All of the attendees at this year’s B-WET Field Experiences for Watershed Educators workshop shared similar positive feedback on the experience, and were genuinely excited at the opportunity to expand their science lessons. IISG’s education team led last month’s four-day training for teachers in Illinois and Indiana, where participants gained new hands-on skills and knowledge from invited speakers to take back to their classrooms.
Teachers got to see a number of practices in action, including habitat restoration at Cowles Bog, a remediated and revitalized Roxana Marsh, water quality testing at the Peggy Notebaert Nature Museum pond, and more. They also got their hands dirty planting native species and performing a beach cleanup.
The workshop was designed explicitly to provide educators with a way to connect classroom concepts and scientific principles with real-world examples of watershed stewardship in action. Teachers engaged in fieldwork and collaborated with participating agency and organization educators who shared their program examples. As a result, teachers will be able to offer their students information that complements their science curricula. Additionally, the workshop gave them a chance to brainstorm new activities and lessons they could use with their students this fall.
Terri Hallesy, Illinois-Indiana Sea Grant education specialist explained, “As a result of this workshop, students will develop awareness and understanding about these critical environmental watershed issues based on the teachers’ new understandings. Educators will bring this increased confidence to their students to help excite them about engaging in Great Lakes stewardship.”

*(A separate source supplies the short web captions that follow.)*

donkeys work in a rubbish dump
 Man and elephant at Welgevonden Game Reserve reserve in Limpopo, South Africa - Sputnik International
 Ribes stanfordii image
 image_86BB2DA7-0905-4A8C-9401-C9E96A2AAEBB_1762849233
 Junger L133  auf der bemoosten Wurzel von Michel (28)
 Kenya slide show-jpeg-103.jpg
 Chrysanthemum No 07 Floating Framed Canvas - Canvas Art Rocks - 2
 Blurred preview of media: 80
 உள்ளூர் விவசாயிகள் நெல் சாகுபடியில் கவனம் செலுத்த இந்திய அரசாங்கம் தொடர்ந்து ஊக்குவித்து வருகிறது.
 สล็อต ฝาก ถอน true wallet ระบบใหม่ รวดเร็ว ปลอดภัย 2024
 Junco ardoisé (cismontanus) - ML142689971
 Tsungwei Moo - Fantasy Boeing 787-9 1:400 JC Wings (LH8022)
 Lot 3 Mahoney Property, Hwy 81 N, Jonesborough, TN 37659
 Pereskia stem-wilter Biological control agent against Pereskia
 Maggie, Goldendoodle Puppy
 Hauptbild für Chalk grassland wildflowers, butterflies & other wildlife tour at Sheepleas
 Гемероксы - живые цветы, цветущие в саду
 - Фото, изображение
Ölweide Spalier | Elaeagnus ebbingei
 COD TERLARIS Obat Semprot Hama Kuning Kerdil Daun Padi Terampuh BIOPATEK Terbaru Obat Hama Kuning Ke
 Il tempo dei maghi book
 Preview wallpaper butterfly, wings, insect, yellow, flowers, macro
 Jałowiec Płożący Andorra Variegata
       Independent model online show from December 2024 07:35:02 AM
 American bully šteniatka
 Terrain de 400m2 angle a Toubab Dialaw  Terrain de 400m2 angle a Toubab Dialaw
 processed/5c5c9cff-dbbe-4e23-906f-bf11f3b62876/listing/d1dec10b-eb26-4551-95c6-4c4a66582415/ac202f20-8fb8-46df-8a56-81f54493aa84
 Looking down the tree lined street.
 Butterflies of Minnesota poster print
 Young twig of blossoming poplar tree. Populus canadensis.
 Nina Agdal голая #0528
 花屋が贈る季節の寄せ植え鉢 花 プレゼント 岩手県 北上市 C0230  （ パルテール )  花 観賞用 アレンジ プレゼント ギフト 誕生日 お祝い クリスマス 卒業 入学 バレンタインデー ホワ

Added Rafael Rosa, Vice President of Education at the Peggy Notebaert Nature Museum, “What I was most impressed with was the enthusiasm of the teachers the program attracted. They asked great questions and more importantly were very open to sharing ideas and working with one another. I think I learned as much from them as they did from me.”
Funding was provided through a grant from the NOAA B-WET education program (linked above), and the workshop was made possible with assistance from Indiana Dunes State Park, the Great Lakes Research and Education Center at Indiana Dunes National Lakeshore, and the Alliance for the Great Lakes.